Batik itu juga banyak dikombinasikan dengan material perca atau lurik. Kesannya ramai, tapi masih estetis. Ada pula yang dikombinasikan dengan denim, memberi keunikan tersendiri pada busana.
"Kalau bicara untuk satu brand yang bisa go global, uniqueness akan jadi satu kekuatan kita untuk perlu dieksplorasi dan diolah supaya bisa bawa nama Indonesia secara baik. Itu yang kami lakukan," sambung Thresia.
Ia secara pribadi juga tak ingin bertahan di titik yang sama. Ke depan, ia akan mengeksplorasi kekayaan budaya Indonesia lebih banyak agar selalu bisa menghadirkan kebaruan. "Indonesia ini kaya sekali," ucapnya.
Buat Buku
Thresia juga sempat menyinggung bahwa pertunjukan tersebut menjadi salah satu cara mengarsip karya seniman batik Indonesia. Menurut dia, tak banyak catatan yang dimiliki Indonesia terkait karya si pembatik.

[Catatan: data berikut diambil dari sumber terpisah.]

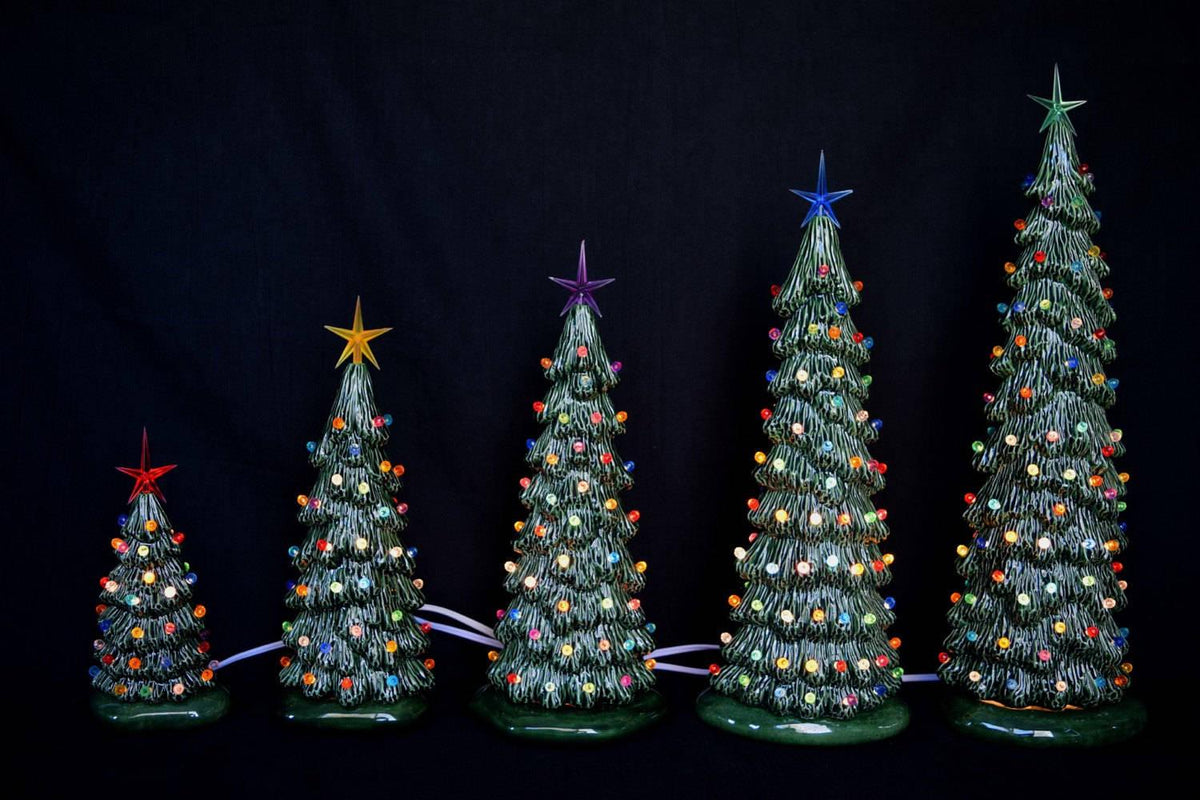 The 9 Bulk Bisque Christmas Trees | Ready To Paint Christmas Trees | Set Of 9 | 3 Of Each Size | Christmas Decorations | Diy 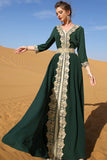 Vert foncé manches longues Caftan Marocain avec appliques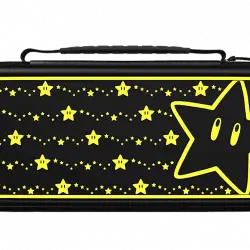 Funda - PDP Travel Case Plus Glow Stars, Para Nintendo Switch, Con cremallera, Negro y amarillo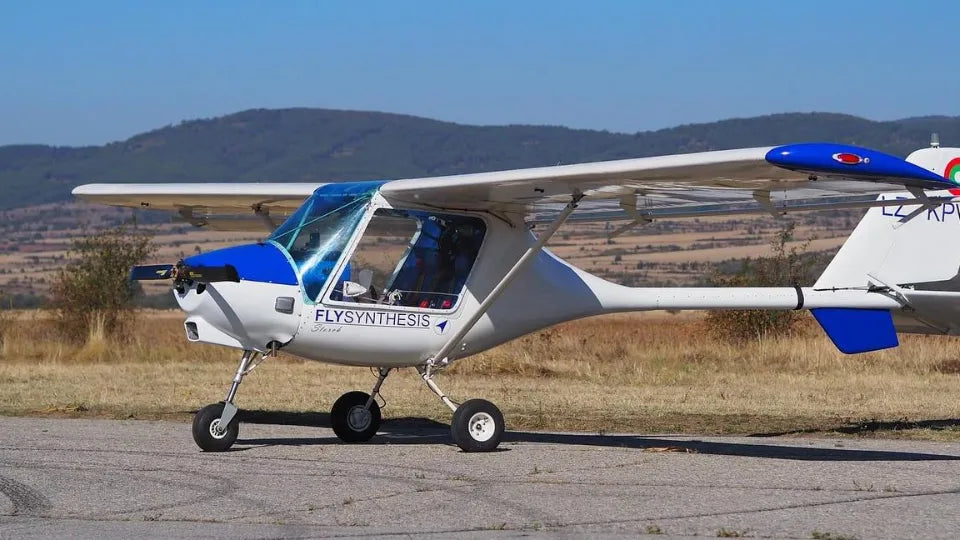 Two-seat training aircraft with instructor at Sapareva Banya Airfield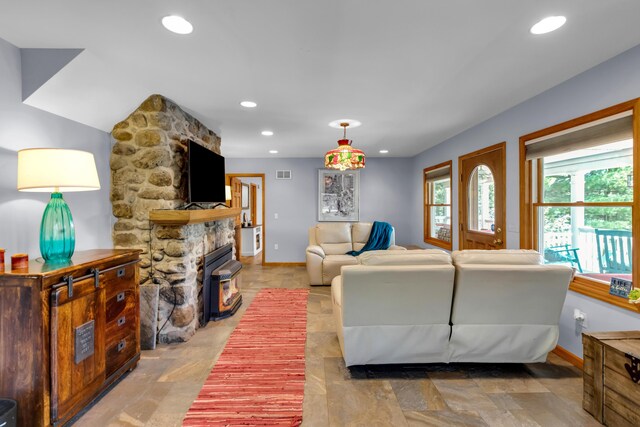 5194 S Hamilton S, Saylorsburg, PA 18353 - living room with light stone finish floors and recessed lighting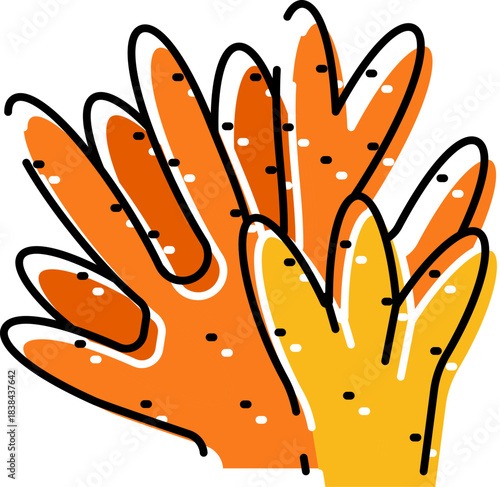 Orange and yellow coral marine plant doodle illustration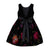 Velvet Holiday Dress with Embroidered Roses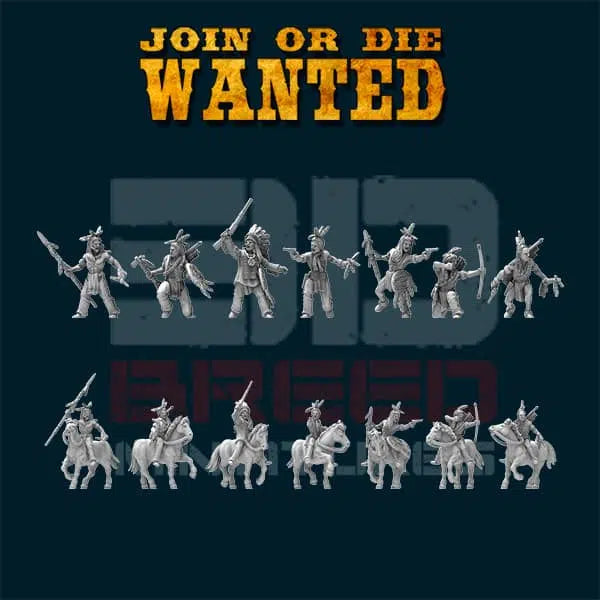 JOIN OR DIE WANTED SIOUX PACK | 3D Breed 28mm Wild West Wargaming Miniatures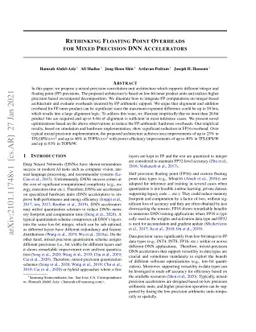 Rethinking Floating Point Overheads for Mixed Precision DNN Accelerators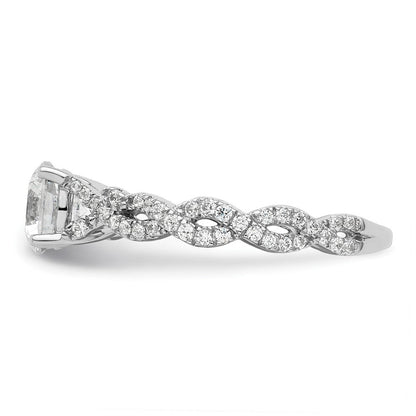 14K Weißgold 0,375 ct. Laborgezüchteter Diamant VS/SI+ G+ 1 ct. Mittelstein Verlobungsring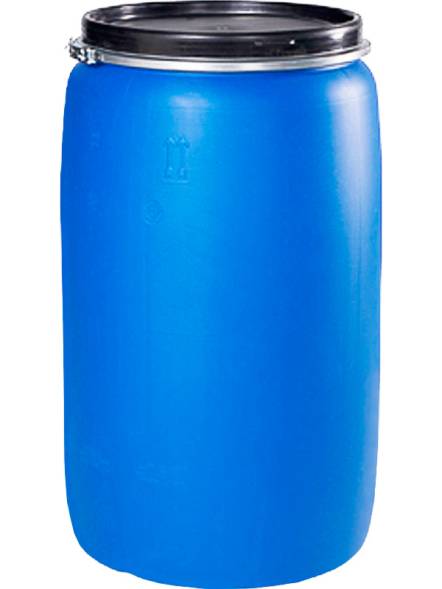 Бочка пластиковая с крышкой и металлическим обручем, 227 л, синий [БП 227 O.T]
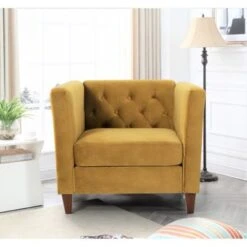 Lisette 33.1'' Velvet Square Arm Chair - Black -Baxton Acme Shop a65af694 39e9 4542 862b e10e6f842761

"Kekayaan intelektual mereka biasanya menghilang bersama kepergian sang maestro," ujarnya.
Untuk itu, pihaknya sedang mempersiapkan satu buku yang merangkum catatan penting perjalanan budaya Indonesia. Ide itu muncul setelah mendatangi langsung tempat maestro batik itu bekerja dan berbincang langsung. Hal-hal itu, kata dia, layak untuk diingat khalayak Indonesia dan luar negeri.
"Bakal di-launching setelah Lorong Waktu," kata dia.
Sementara, Chairman JF3 Sugianto Nagaria melihat antusiasme masyarakat atas industri fesyen Tanah Air. Hal itu terbukti dari banyaknya pengunjung yang menyaksikan langsung pertunjukan fesyen, walau sebenarnya mereka bisa menontonnya secara online.
"Spesial untuk acara seperti ini, ruangan, teknologi, suara, lighting, kita beri ruang secara maksimal selama lima hari. JF3 mengharapkan dengan partner yang tepat, malam ini kita sama-sama give something untuk industri, harap-harap bisa diserap oleh pelaku dan masyarakat semakin cinta sama Indonesia," ia menerangkan.